* _RECORDS SHOWN_:
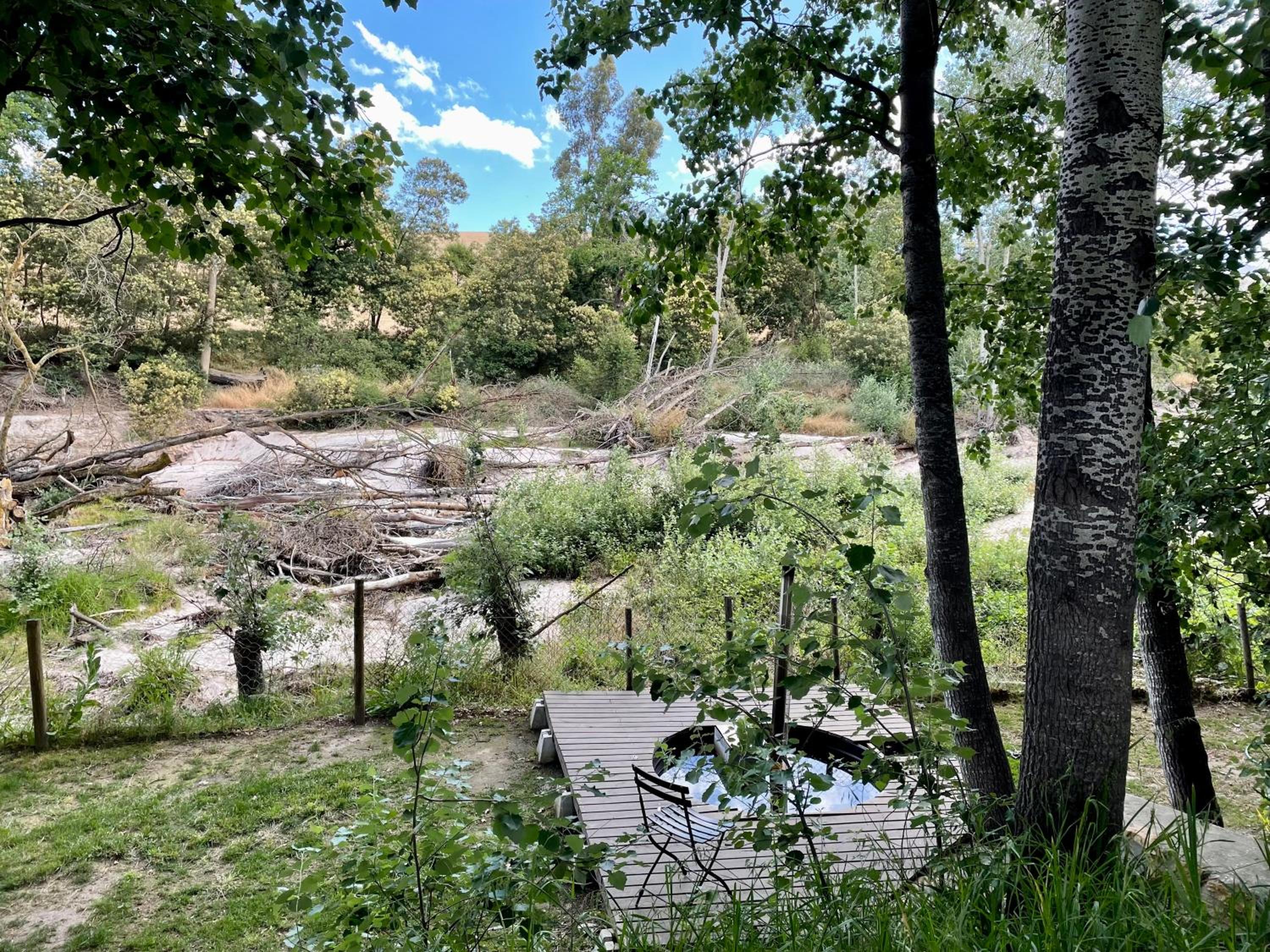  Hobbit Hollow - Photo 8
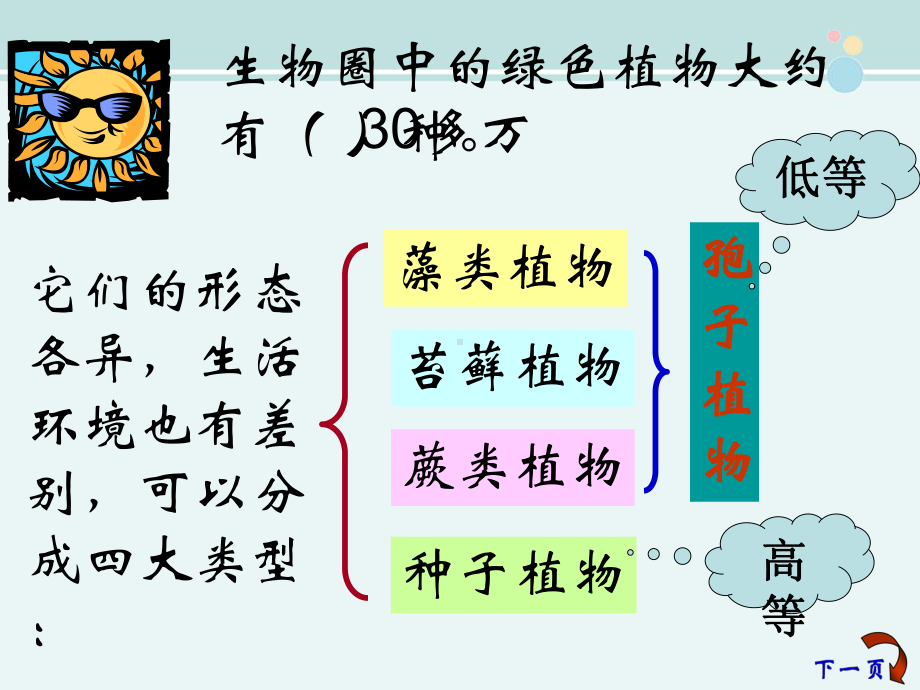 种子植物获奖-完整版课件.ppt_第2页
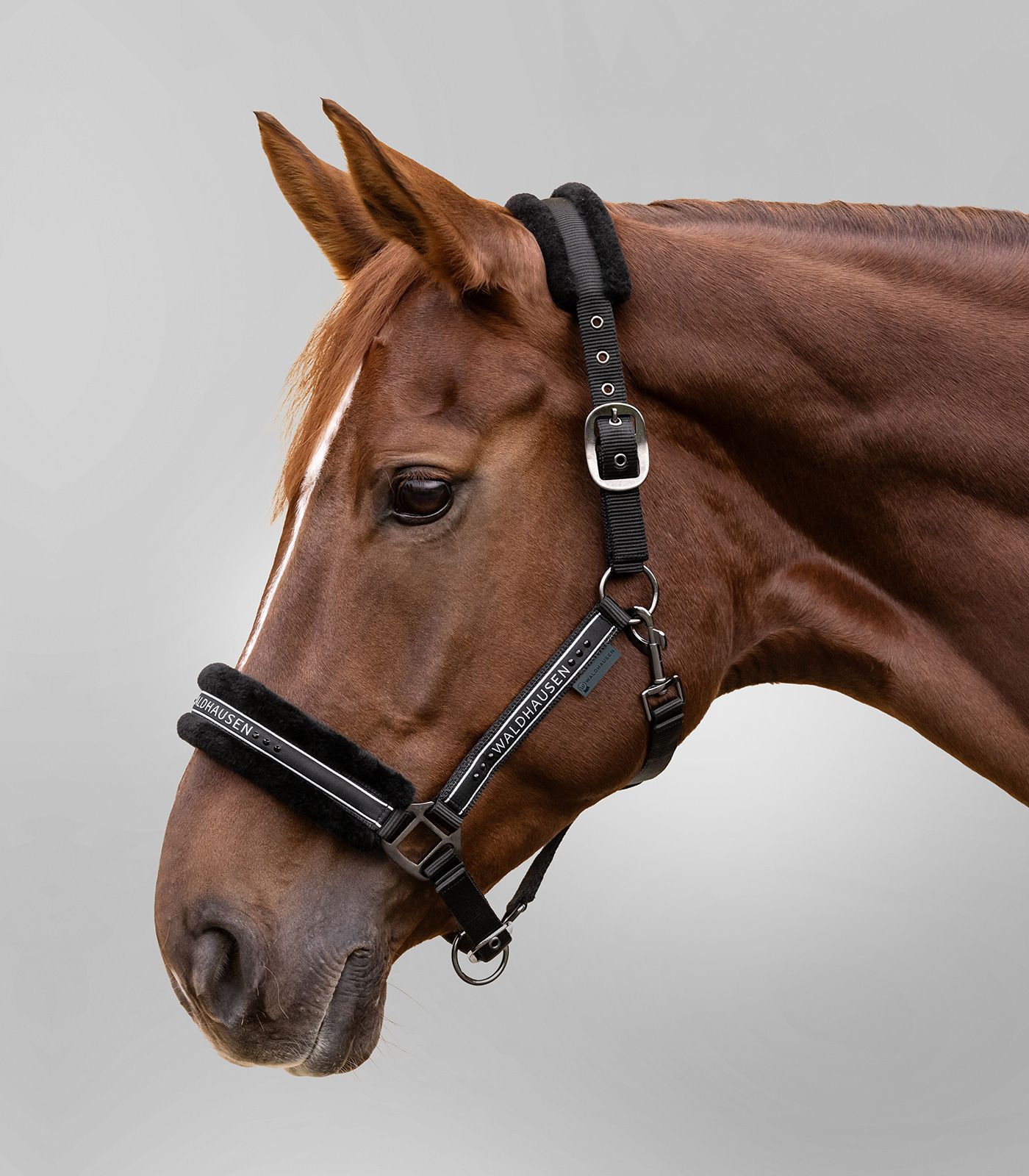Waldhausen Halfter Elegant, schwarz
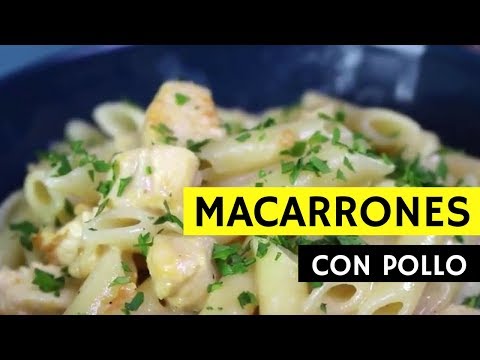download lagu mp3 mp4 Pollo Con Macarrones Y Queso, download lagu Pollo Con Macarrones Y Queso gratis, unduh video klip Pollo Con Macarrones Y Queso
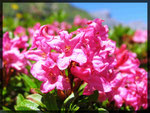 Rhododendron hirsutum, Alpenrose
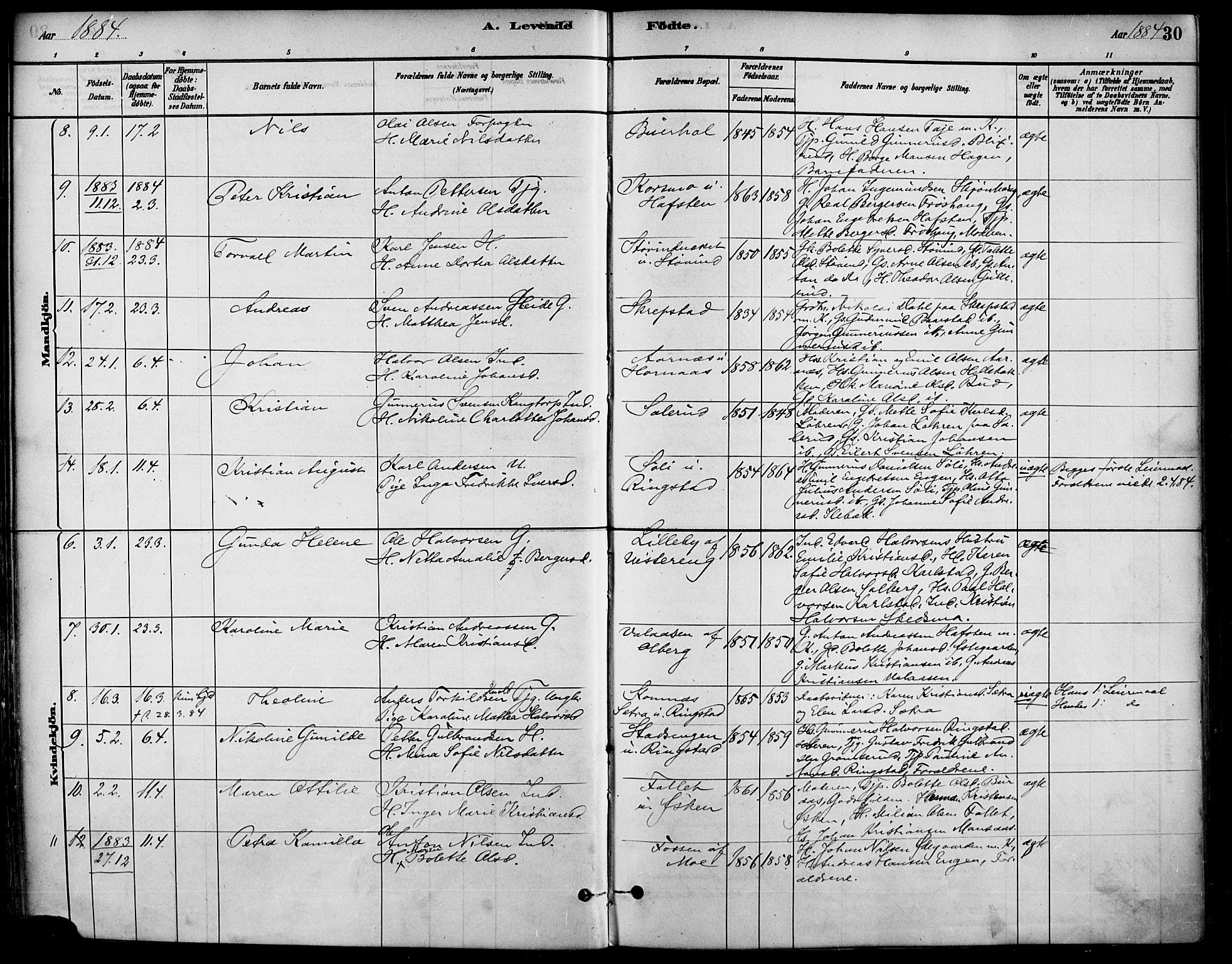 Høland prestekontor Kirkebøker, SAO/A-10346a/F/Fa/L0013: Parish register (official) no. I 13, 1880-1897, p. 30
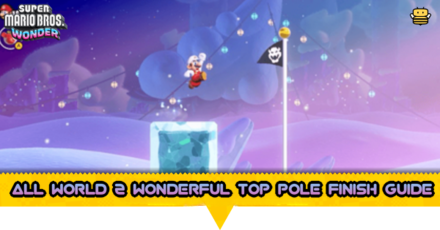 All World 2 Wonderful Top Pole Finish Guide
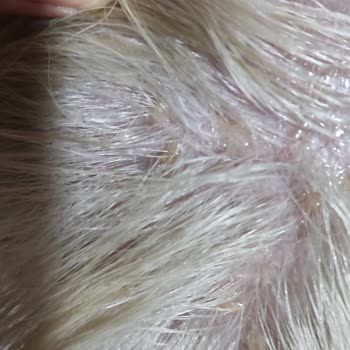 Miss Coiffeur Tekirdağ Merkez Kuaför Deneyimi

* _ASSIGNED TASK_: The data must come back word for word, with every picture removed.

* _RESPONSE TO THIS EXERCISE_:
  Hobbit Hollow - Photo 8
 种子植物获奖-完整版课件.ppt_第2页
Waldhausen Halfter Elegant, schwarz
download lagu mp3 mp4 Pollo Con Macarrones Y Queso, download lagu Pollo Con Macarrones Y Queso gratis, unduh video klip Pollo Con Macarrones Y Queso
 Rhododendron hirsutum, Alpenrose
 Høland prestekontor Kirkebøker, SAO/A-10346a/F/Fa/L0013: Parish register (official) no. I 13, 1880-1897, p. 30
 All World 2 Wonderful Top Pole Finish Guide
 Miss Coiffeur Tekirdağ Merkez Kuaför Deneyimi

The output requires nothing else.